The prints contain flora and fauna, hints of nature that Voogd didn’t experience growing up in the crowded city of Delhi. “I started doing landscapes when I came to the U.S. because the landscape was so different here. The plants, the mustard growing on the hills in the summer. I’d never seen a Joshua tree. All that was so different.” But there are also elephants, camels, and other Indian iconography, reminiscent of home and reflecting a true melding of Voogd’s childhood traditions with her adult life in the United States.

“You have no choice but to draw from your experiences,” Voogd says. When she interrogates some of her young undergrad students about their artistic choices, they often confide they don’t know where their inspirations originate. “That’s fine,” she tells them. “But 20 years from now, you’ll know where it came from. Every decision comes from somewhere. It’s something subconscious. Even if you can’t articulate or understand it, hopefully one day you’ll know.” 

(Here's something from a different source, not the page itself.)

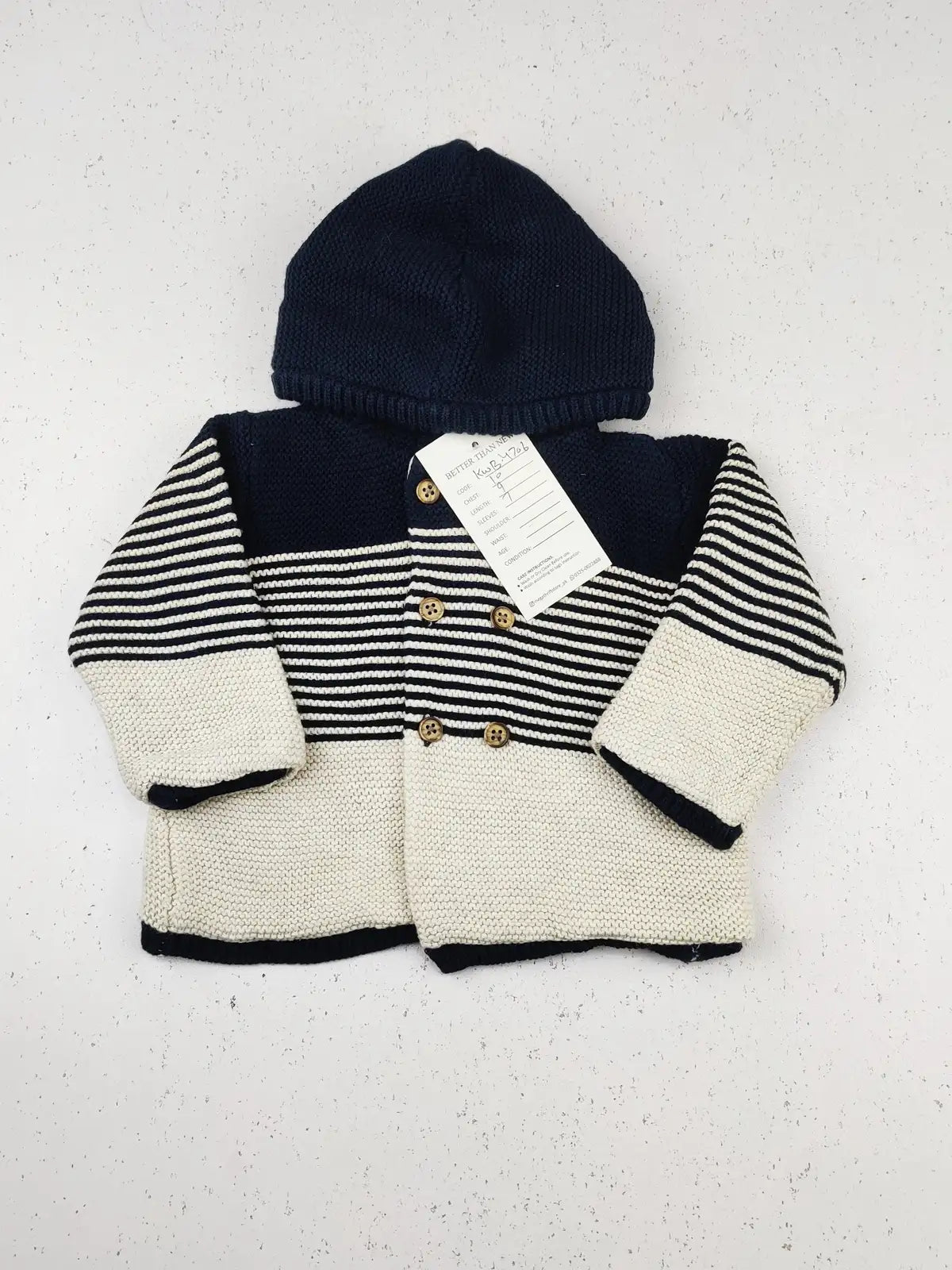 Buy online pre-used pre-loved 100% authentic & Original branded Mamas & Papas (KWB-4706) available in Pakistan. Top international brands avilable.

Yuri Kuznetsov’s charmed Russian childhood led to a life of artistic whimsy

“My childhood was a big time,” says mixed media artist Yuri Kuznetsov. “I feel like I was a child for 20 years. Thirty years. Maybe still. Now, every day, I’m playing, playing, playing.” 

Born and raised in Almet’evsk – the center of Russia’s oil industry where his father worked as an engineer – Kuznetsov’s childhood was fueled by folktales and physical and artistic freedoms. At age 9, after expressing an interest in art, his mother whitewashed his bedroom walls, armed him with colorful cans of paint, and allowed her son to spend his days expressing his imagination. He painted bright animals, animated people, cars, and creative creatures. When he ran out of room, she whitewashed over the old and Kuznetsov started anew.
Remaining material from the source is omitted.